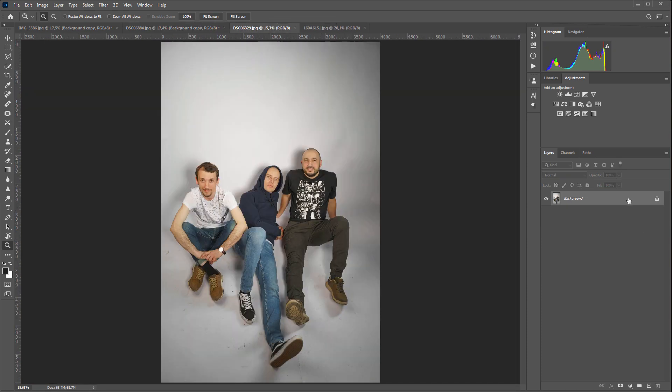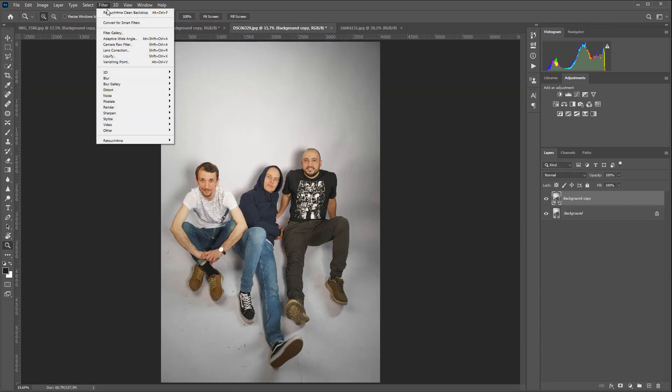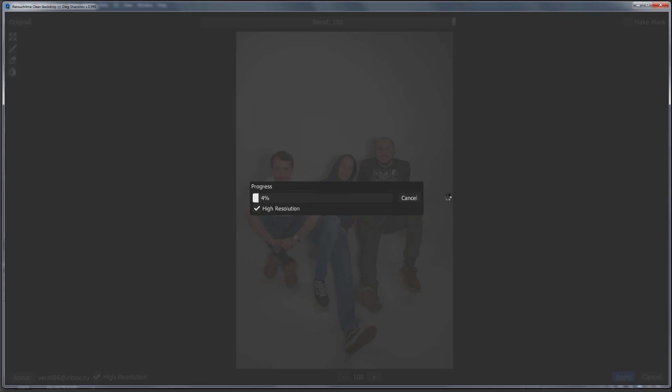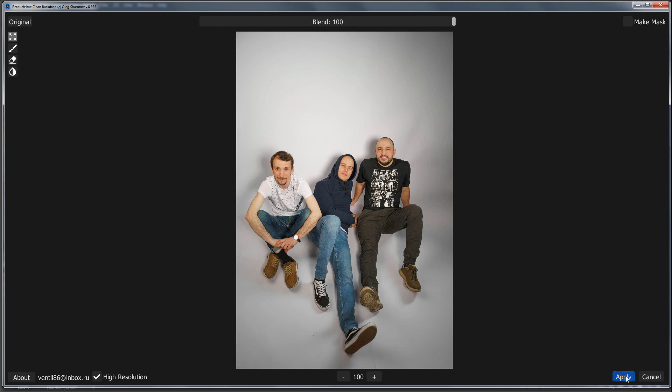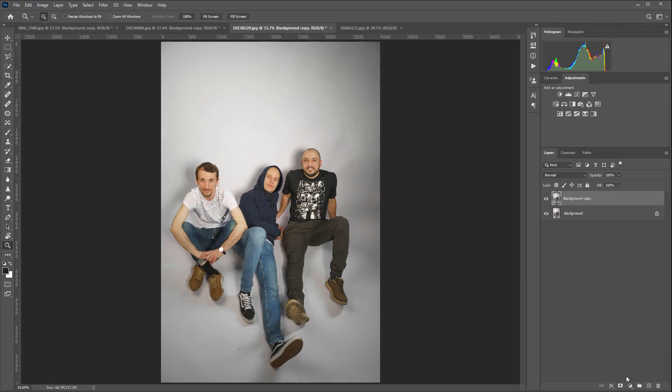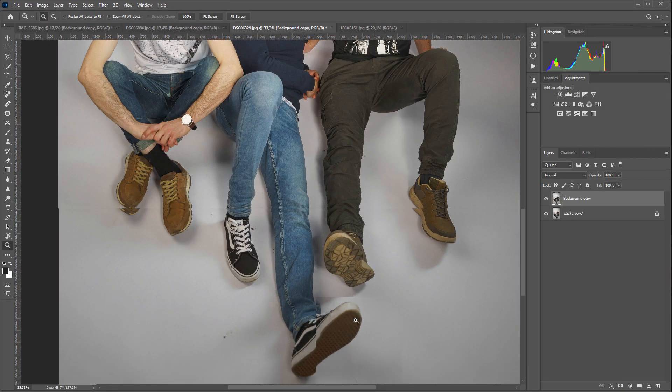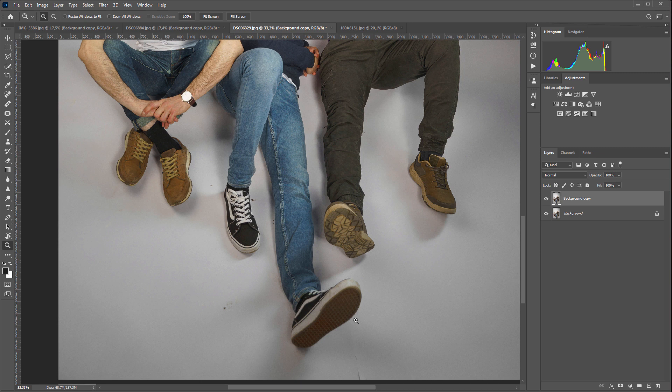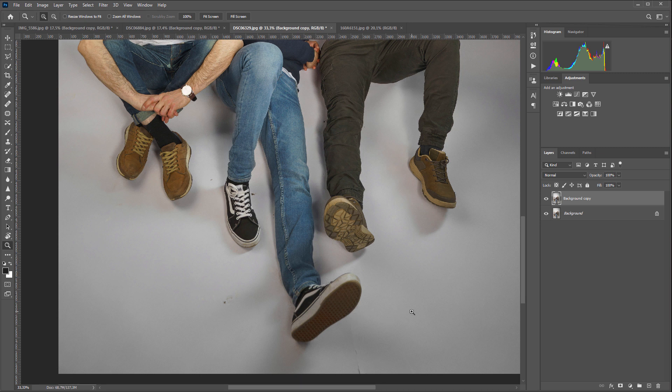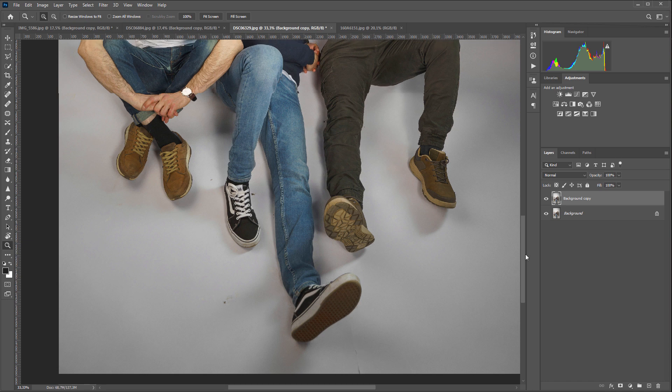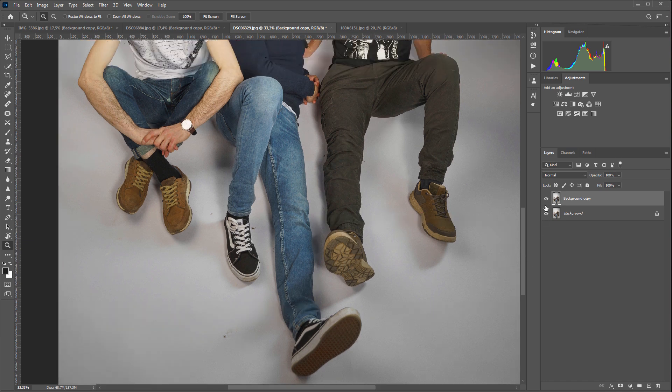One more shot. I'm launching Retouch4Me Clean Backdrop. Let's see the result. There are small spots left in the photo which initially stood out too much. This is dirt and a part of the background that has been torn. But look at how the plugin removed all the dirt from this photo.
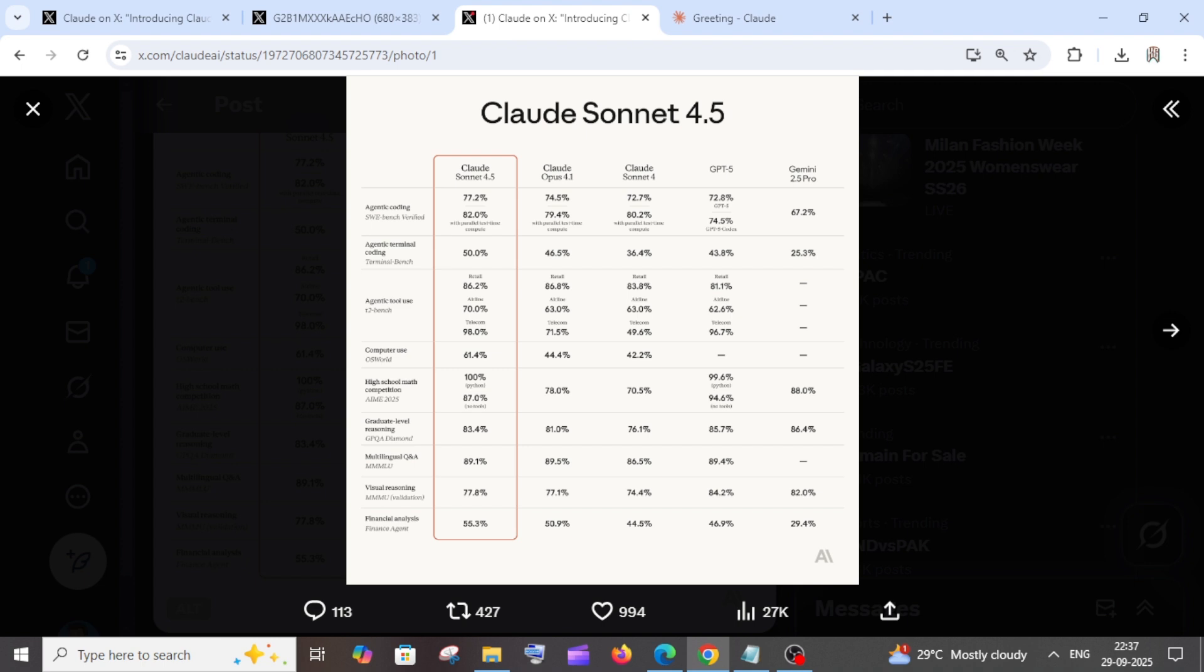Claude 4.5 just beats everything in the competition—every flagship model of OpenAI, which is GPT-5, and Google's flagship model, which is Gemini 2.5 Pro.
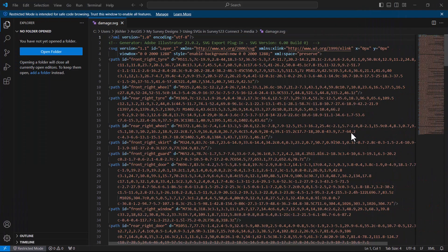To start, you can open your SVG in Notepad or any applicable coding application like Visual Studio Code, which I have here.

____

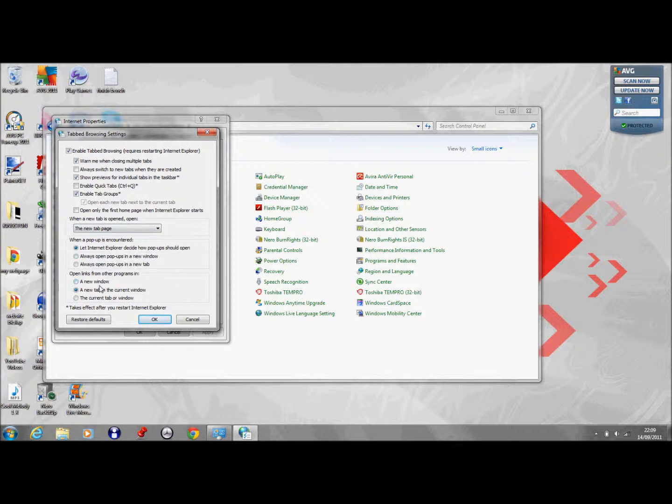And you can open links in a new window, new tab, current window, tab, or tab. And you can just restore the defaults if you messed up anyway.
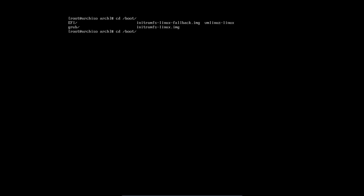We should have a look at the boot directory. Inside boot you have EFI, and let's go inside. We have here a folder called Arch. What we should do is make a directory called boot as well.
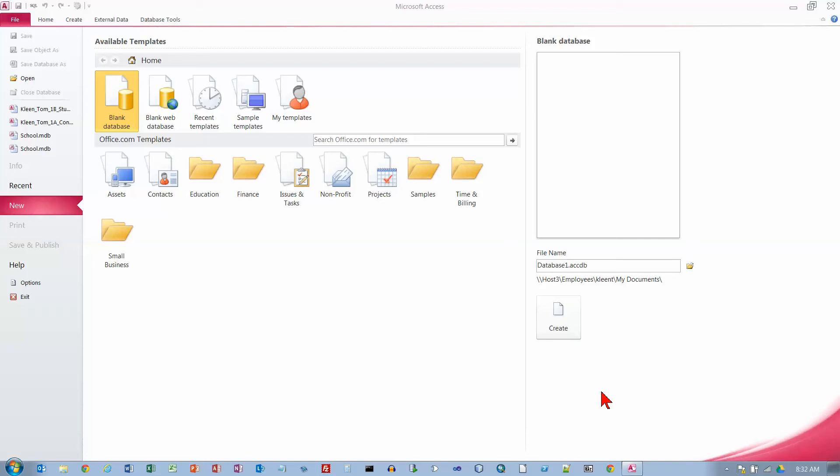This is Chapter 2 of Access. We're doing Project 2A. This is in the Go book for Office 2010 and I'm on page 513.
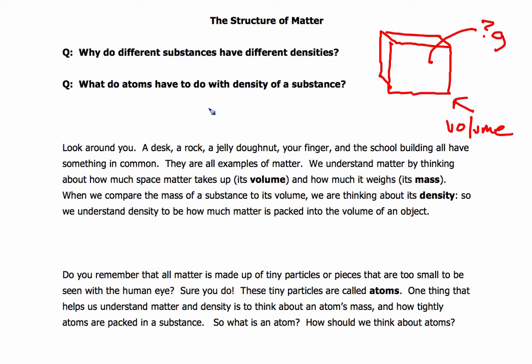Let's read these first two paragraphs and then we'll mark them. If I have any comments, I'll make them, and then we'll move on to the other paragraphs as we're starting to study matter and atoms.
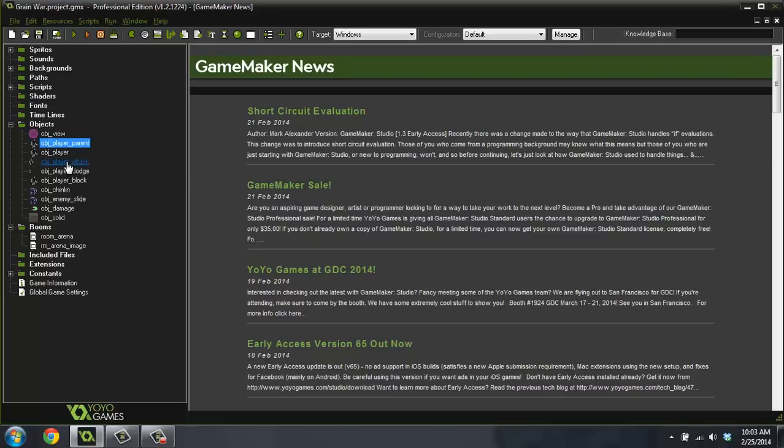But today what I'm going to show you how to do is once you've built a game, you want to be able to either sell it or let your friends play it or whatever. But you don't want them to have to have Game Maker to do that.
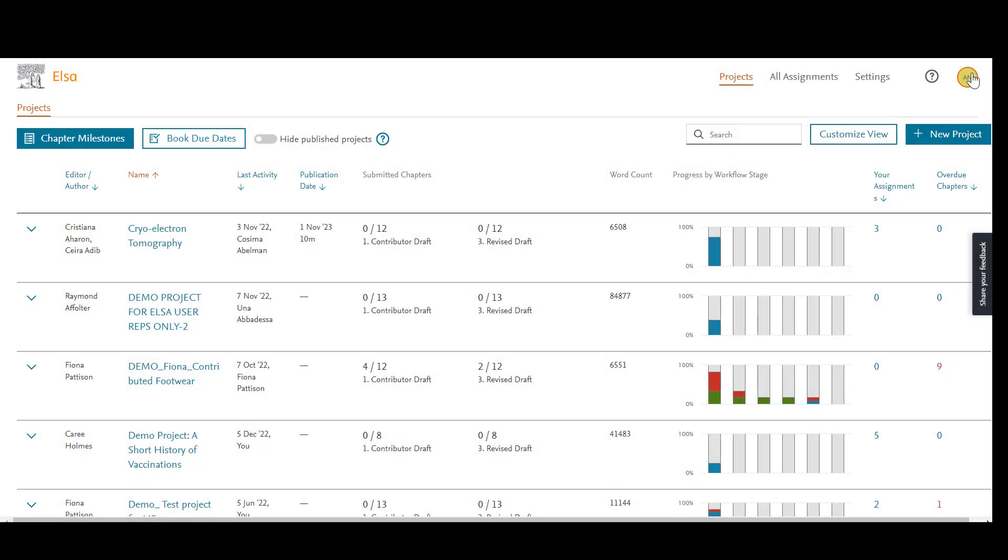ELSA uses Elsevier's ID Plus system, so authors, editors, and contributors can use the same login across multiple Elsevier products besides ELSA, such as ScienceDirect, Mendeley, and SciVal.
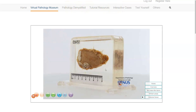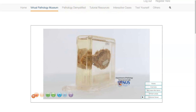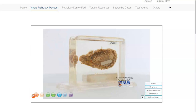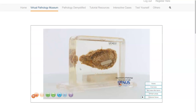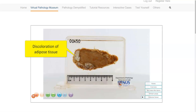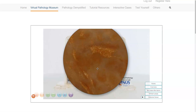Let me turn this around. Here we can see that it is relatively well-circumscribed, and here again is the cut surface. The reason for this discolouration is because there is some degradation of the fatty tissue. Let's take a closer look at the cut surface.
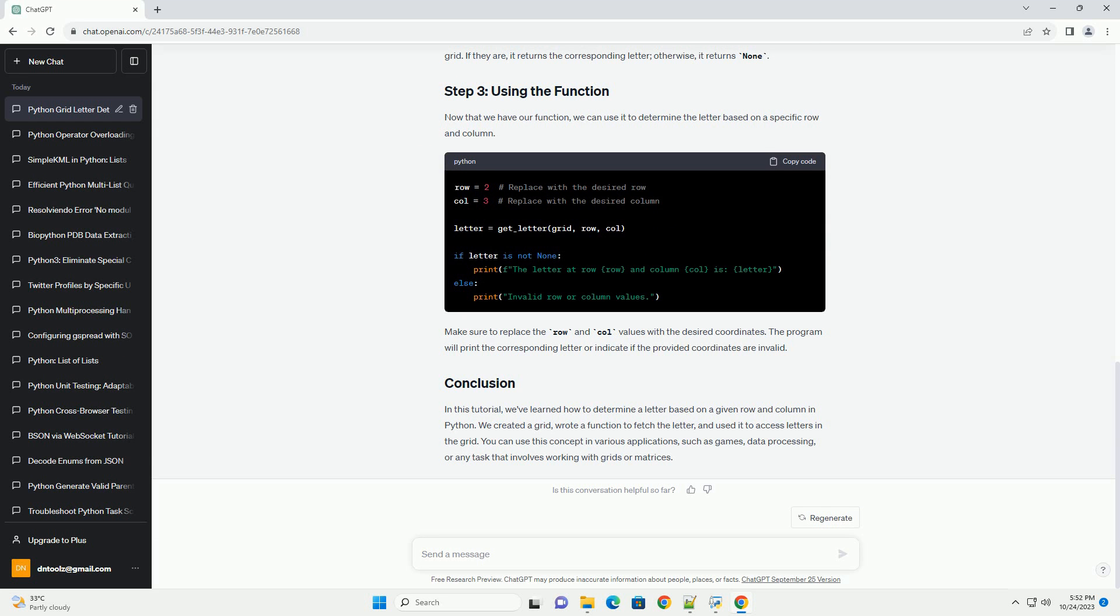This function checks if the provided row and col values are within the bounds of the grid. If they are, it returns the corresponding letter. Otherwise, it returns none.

____

## WHAT NEEDS TO BE DONE
Pictures in the entries do not go into the copy. Print only the lines starting at the one containing "Let's read these" and ending at the one containing "ELSA uses Elsevier's", exactly as they appear.

## TASK OUTPUT
Let's read these first two paragraphs and then we'll mark them. If I have any comments, I'll make them, and then we'll move on to the other paragraphs as we're starting to study matter and atoms.
But today what I'm going to show you how to do is once you've built a game, you want to be able to either sell it or let your friends play it or whatever. But you don't want them to have to have Game Maker to do that.
ELSA uses Elsevier's ID Plus system, so authors, editors, and contributors can use the same login across multiple Elsevier products besides ELSA, such as ScienceDirect, Mendeley, and SciVal.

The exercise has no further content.